::: GIVEN DATA

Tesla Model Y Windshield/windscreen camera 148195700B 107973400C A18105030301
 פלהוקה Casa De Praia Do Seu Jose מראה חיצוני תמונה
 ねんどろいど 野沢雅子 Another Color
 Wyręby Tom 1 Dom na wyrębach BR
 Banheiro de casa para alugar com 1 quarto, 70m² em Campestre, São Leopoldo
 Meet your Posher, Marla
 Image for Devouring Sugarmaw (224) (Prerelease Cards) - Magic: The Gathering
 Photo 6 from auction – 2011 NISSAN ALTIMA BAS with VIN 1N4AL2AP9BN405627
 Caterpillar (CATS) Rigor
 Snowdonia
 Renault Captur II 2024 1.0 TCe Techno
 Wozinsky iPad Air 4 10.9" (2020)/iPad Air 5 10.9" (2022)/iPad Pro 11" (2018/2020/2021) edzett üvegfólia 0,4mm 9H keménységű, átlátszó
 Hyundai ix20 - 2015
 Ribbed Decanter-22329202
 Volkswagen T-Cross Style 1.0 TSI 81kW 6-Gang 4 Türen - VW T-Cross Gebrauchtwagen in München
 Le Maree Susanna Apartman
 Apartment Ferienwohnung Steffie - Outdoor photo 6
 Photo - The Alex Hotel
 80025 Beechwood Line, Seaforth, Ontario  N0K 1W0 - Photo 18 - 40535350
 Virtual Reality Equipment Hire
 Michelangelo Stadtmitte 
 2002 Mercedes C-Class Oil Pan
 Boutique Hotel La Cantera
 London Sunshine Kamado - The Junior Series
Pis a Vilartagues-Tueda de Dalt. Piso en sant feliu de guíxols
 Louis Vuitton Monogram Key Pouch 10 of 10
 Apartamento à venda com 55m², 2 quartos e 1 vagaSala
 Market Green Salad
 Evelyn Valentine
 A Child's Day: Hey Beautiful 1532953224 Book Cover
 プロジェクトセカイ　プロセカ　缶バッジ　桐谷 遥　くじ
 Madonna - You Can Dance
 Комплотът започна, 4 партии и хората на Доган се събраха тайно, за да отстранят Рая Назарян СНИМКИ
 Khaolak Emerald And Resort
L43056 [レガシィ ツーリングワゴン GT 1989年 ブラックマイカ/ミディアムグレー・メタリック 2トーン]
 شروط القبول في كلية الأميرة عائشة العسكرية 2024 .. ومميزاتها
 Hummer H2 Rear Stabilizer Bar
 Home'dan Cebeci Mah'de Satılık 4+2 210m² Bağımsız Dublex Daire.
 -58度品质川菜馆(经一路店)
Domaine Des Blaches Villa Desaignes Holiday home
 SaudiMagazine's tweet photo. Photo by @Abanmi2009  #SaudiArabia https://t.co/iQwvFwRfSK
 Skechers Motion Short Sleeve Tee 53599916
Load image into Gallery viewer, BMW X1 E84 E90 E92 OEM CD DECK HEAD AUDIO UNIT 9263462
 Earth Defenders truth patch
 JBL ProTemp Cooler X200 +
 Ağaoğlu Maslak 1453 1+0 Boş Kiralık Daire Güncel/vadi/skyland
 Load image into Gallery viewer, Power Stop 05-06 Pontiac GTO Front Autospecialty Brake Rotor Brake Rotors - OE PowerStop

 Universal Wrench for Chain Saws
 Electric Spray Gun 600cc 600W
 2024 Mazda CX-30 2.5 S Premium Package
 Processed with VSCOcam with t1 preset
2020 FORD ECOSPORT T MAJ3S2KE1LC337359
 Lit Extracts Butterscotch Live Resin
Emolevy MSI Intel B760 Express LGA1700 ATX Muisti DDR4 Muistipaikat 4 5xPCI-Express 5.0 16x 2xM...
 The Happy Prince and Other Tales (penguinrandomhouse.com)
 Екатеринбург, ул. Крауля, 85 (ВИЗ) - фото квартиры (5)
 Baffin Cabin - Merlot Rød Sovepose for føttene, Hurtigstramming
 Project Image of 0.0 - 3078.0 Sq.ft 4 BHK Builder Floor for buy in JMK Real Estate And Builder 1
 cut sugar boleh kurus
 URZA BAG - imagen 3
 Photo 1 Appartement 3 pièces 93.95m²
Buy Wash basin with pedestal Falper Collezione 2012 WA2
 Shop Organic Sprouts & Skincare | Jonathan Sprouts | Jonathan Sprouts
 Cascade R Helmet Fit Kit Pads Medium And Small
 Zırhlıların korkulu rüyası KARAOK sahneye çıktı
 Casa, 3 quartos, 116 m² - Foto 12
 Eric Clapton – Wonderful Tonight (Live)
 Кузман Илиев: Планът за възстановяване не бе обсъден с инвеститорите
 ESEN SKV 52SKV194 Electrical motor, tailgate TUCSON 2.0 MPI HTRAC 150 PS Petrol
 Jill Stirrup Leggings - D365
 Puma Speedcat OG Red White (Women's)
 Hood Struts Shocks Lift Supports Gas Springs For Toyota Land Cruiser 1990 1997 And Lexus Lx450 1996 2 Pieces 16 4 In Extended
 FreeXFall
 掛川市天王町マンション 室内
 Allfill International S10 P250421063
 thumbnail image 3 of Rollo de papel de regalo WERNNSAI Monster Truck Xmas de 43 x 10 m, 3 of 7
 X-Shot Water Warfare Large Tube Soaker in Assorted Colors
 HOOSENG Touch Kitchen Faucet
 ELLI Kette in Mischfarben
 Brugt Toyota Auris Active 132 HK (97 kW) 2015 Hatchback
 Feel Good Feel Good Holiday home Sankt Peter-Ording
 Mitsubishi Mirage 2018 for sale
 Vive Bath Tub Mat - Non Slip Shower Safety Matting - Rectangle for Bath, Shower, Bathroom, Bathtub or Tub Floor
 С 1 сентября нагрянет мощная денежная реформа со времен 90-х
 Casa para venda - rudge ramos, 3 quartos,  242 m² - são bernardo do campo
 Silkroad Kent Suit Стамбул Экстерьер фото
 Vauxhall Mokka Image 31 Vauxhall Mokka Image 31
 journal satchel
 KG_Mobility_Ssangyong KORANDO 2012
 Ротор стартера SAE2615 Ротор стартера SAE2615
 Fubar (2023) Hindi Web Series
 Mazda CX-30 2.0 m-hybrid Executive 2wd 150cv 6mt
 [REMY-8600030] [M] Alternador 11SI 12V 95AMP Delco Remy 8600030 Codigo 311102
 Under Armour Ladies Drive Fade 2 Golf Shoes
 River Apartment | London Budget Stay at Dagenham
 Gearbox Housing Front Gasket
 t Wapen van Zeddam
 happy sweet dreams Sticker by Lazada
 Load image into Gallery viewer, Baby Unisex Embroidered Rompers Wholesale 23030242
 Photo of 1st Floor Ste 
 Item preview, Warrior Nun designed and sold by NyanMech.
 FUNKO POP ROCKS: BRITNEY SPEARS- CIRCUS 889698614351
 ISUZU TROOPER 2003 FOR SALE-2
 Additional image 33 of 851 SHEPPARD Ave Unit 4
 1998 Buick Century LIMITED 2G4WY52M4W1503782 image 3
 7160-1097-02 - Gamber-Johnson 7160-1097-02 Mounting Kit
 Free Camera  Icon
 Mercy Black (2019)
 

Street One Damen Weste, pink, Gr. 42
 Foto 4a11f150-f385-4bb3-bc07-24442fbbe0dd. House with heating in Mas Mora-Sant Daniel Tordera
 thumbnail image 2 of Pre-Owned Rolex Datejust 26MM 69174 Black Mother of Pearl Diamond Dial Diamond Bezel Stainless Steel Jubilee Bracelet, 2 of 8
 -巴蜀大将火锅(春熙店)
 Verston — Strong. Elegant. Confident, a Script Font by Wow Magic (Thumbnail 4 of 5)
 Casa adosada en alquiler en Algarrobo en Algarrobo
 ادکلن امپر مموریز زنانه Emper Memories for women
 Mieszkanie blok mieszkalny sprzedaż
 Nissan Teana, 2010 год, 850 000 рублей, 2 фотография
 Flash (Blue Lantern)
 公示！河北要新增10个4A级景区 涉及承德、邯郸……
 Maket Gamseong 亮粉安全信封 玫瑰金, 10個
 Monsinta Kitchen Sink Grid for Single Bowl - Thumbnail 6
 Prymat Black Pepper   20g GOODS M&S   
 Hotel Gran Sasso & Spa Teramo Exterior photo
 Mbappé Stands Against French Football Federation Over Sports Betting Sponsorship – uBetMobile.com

::::::

_YOUR INSTRUCTIONS_
Take every line from the listing above that includes the word "Holiday" and copy it.

_RESPONSE TO THIS TASK_
Domaine Des Blaches Villa Desaignes Holiday home
 Feel Good Feel Good Holiday home Sankt Peter-Ording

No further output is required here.